__Task to complete__: Exactly as they appear below, repeat the lines from the one with "Patio roof Premium, anthracite, 4102" through the one with "Amii Women's Shorts". Drop every picture.

__Given records__:
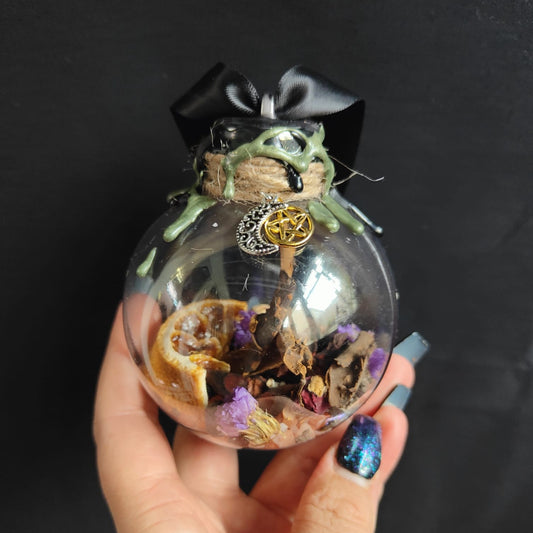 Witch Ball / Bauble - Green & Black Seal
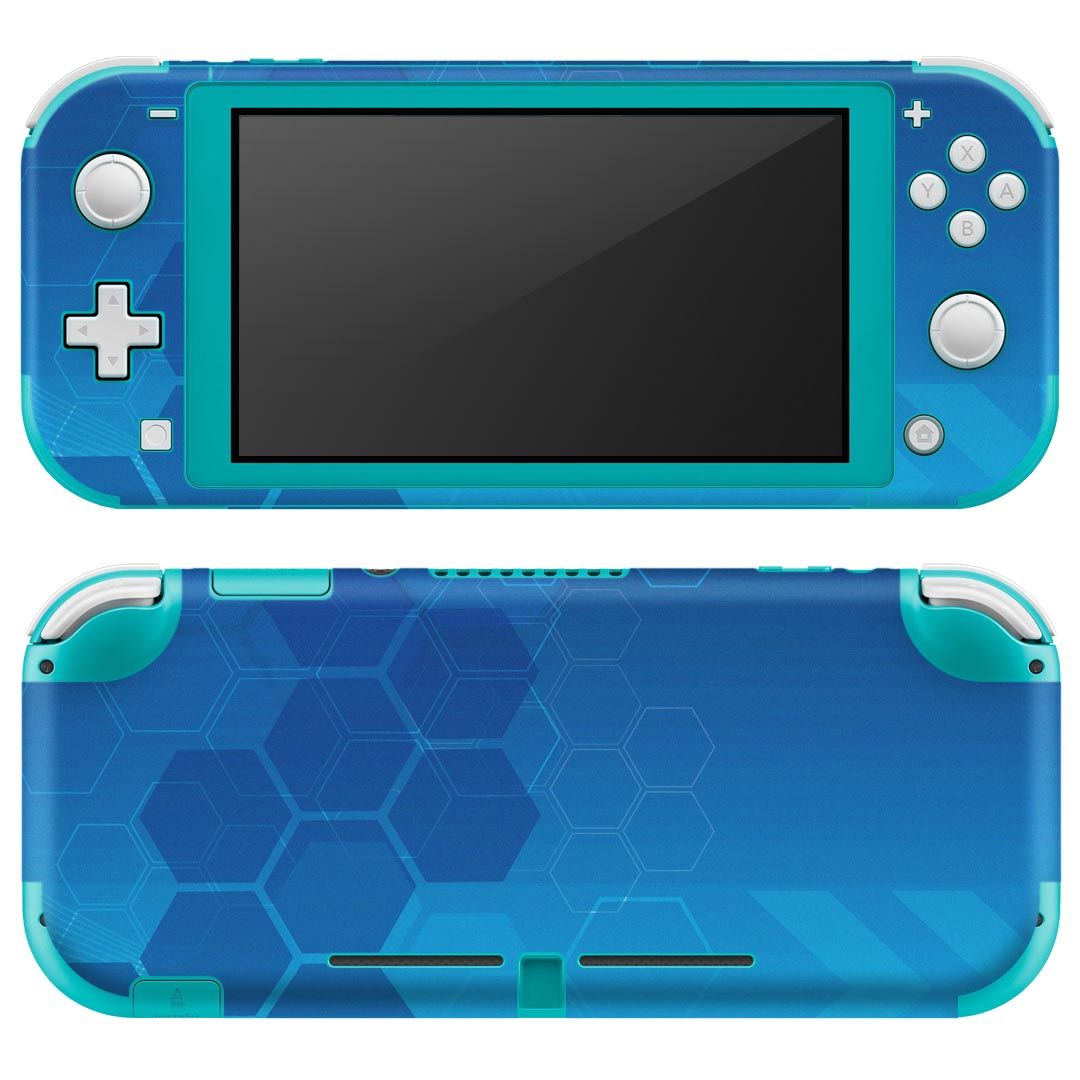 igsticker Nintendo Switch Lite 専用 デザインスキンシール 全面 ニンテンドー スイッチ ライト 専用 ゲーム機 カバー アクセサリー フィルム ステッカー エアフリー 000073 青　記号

==

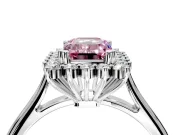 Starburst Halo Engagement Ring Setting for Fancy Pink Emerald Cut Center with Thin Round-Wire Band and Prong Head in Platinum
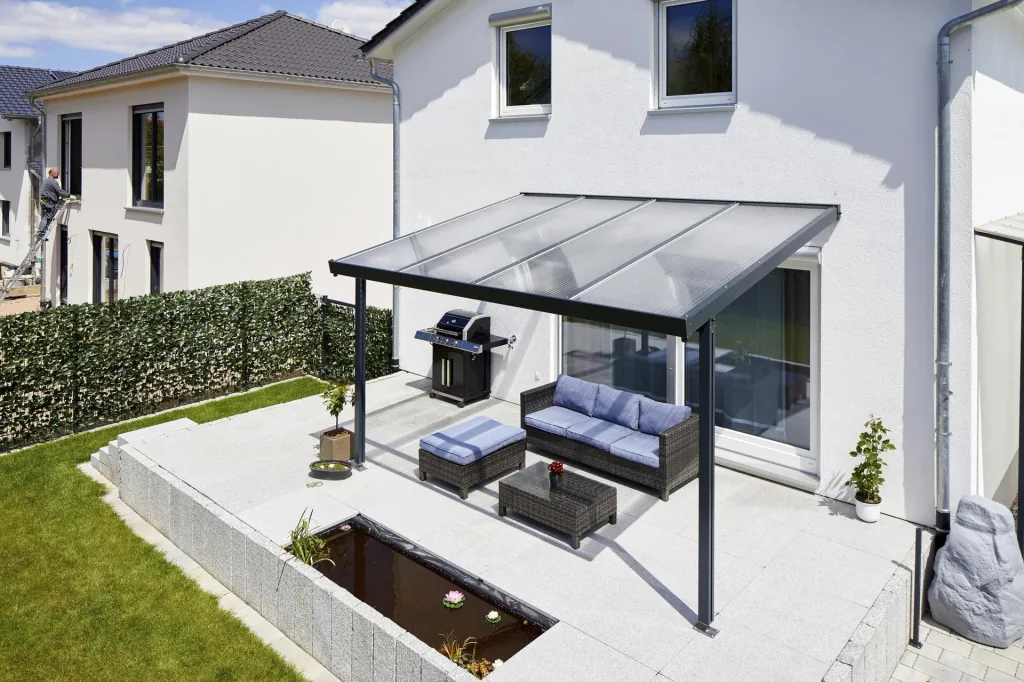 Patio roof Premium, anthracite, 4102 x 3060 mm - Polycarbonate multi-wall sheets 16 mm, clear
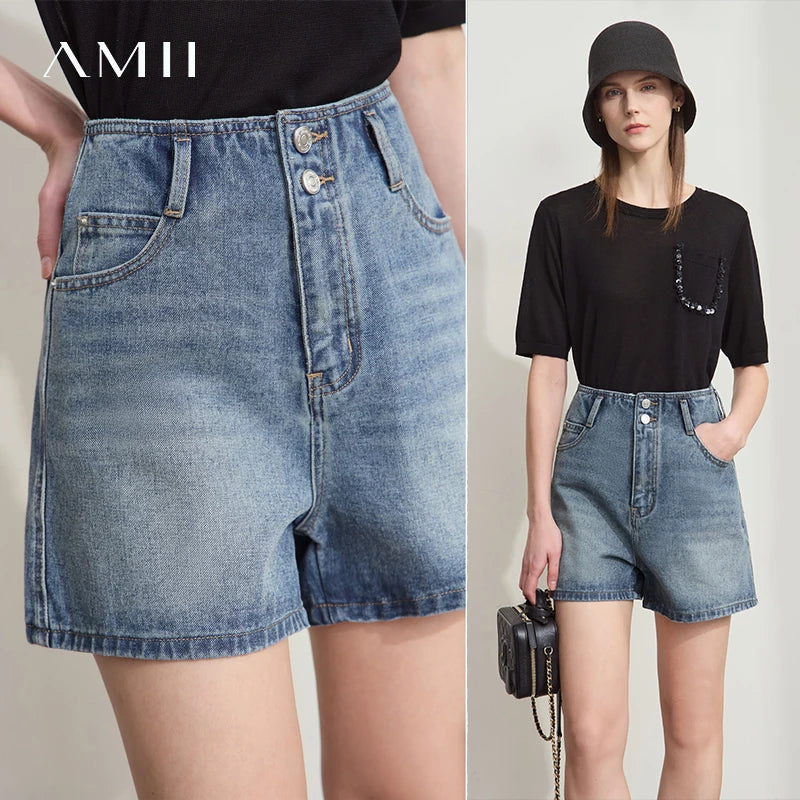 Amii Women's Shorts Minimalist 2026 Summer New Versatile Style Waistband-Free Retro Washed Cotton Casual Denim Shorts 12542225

__Reply__:
 Patio roof Premium, anthracite, 4102 x 3060 mm - Polycarbonate multi-wall sheets 16 mm, clear
 Amii Women's Shorts Minimalist 2026 Summer New Versatile Style Waistband-Free Retro Washed Cotton Casual Denim Shorts 12542225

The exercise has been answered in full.